任:对,我很喜欢这个气氛,尤其是现在。 
栗:整个不像原来那种很抒情的味道,有一些糜烂,象这个社会一样,糜烂状态。 
任:我刚到北京来有一批画,夹在中间,迷恋原来的,和现在的现实有很大的距离。1999年到2002年这段时间,我到处去看展览,我回来开始画这些画。 
栗:色情游戏,整个画面游戏化了。 
任:这是最近画的头像。现在因为画的都很薄,基本上是把主要的东西画一下。 
栗:这和北京那几个人就有一些关系了,刘炜,杨绍斌他们,没有那么温情了。你原来的梦破灭了,梦醒的一瞬间,带着梦的残留景象,对现实有一种不舒服的感觉。这里面的人物关系有没有特别地想什么? 

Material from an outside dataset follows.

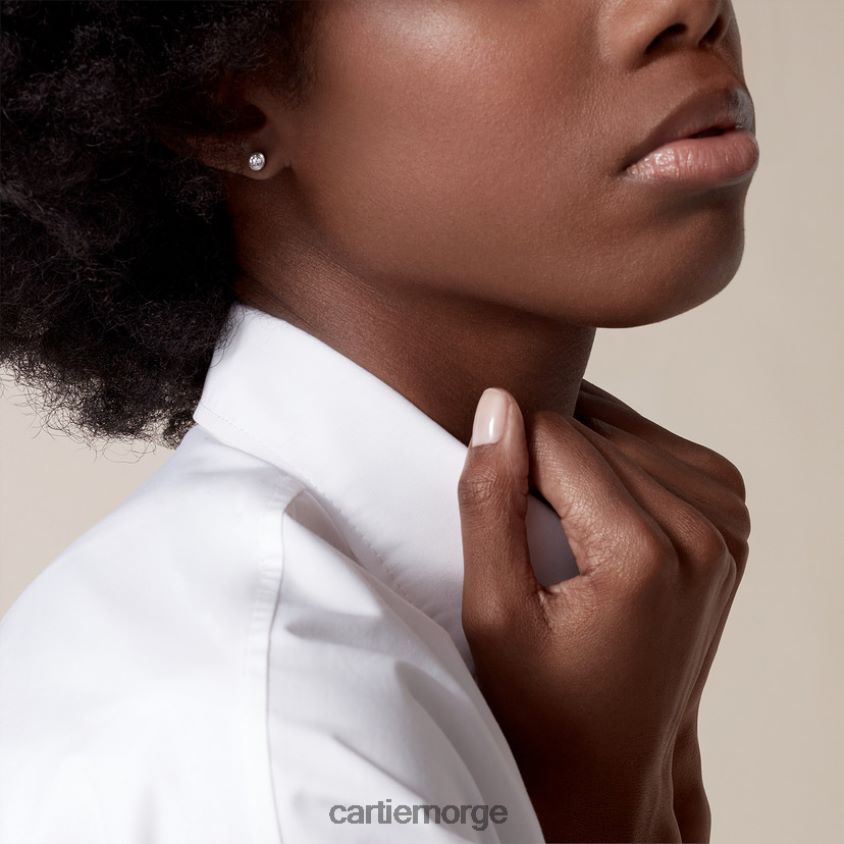 smykker Cartier d'amour øredobber, medium modell hvitt gull F4466N663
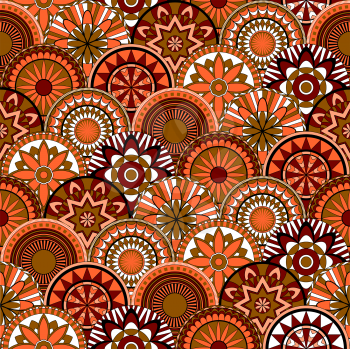 Seamless pattern with floral elements for textile or background design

任:人物关系还是服务于我想造的一个大场景。现在人物和空间的关系,我自己没有刻意描述得很完整,它给别人留下的空间更大一些。 
栗:都是莫名其妙的情节,不是具体生活中的情节,象上演一个荒诞剧一样。“荒诞”这个词有点太严肃了,用“荒唐”更好些,“荒唐”和“诙谐”,“荒唐的诙谐剧”。 
任:对。 
栗:这个词好么? 
任:我觉得挺好的,因为从我自己整个生存状态来讲,我比原来放松多了,我原来是要把画画的完整或很完美,使别人很准确地知道我在干什么,但是我现在都不太考虑这些问题,我自己的舒服和状态是非常重要的。 
栗:你在北京象一个看戏的人。 
任:对,实际上我一直喜欢这个角色,原来在贵阳我没那么多朋友,我都是以观察别人为主,观察生活,但是我没有进入这个生活,只是凭我自己的感觉观察,后来我到北京来这个角色一直在延续,只不过贵阳上演的东西跟北京完全不一样,那我的心境,整个感觉跟贵阳都不一样,但是我特别喜欢您刚才说的“糜烂”这个词,我觉得“糜烂”这个词今天显的特别好,今天的艺术家都太清醒了,他没有把现在的生活……就是说过的太健康,没有把自己的…… 
栗:没有出来看这个戏,从戏中出来再看自己演的戏。 
任:实际上太懂得自己该怎么演,现在的艺术家比以前健康多了,他变成社会里这部分健康的人,“艺术里的魅力在下降”,我指的主要是生活,因为生活会带动他的艺术,因为我觉得现在艺术都没有明确地带给人一个什么感觉,或者是很明确地要说明什么东西,都是属于这种。 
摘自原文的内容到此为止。